--- EXERCISE ---
From the entries below, return exactly the lines beginning at the one that contains "Faro para Toyota" and ending at the one that contains "Koncepcja wizualizacja placu zabaw", both of them included, and only those lines.

Records drawn from a dataset

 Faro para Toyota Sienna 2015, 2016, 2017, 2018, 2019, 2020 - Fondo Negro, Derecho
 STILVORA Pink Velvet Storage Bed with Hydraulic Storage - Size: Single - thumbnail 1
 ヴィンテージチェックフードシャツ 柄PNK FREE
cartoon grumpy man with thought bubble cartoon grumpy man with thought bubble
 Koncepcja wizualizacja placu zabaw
...
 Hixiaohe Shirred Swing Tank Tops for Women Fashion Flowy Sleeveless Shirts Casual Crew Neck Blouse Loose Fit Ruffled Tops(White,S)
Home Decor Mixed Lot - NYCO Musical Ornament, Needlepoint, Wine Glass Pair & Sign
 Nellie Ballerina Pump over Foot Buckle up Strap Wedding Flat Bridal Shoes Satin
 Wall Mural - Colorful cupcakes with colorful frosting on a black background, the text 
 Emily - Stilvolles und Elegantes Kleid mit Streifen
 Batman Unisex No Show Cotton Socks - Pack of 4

--- RESPONSE AREA ---
 Faro para Toyota Sienna 2015, 2016, 2017, 2018, 2019, 2020 - Fondo Negro, Derecho
 STILVORA Pink Velvet Storage Bed with Hydraulic Storage - Size: Single - thumbnail 1
 ヴィンテージチェックフードシャツ 柄PNK FREE
cartoon grumpy man with thought bubble cartoon grumpy man with thought bubble
 Koncepcja wizualizacja placu zabaw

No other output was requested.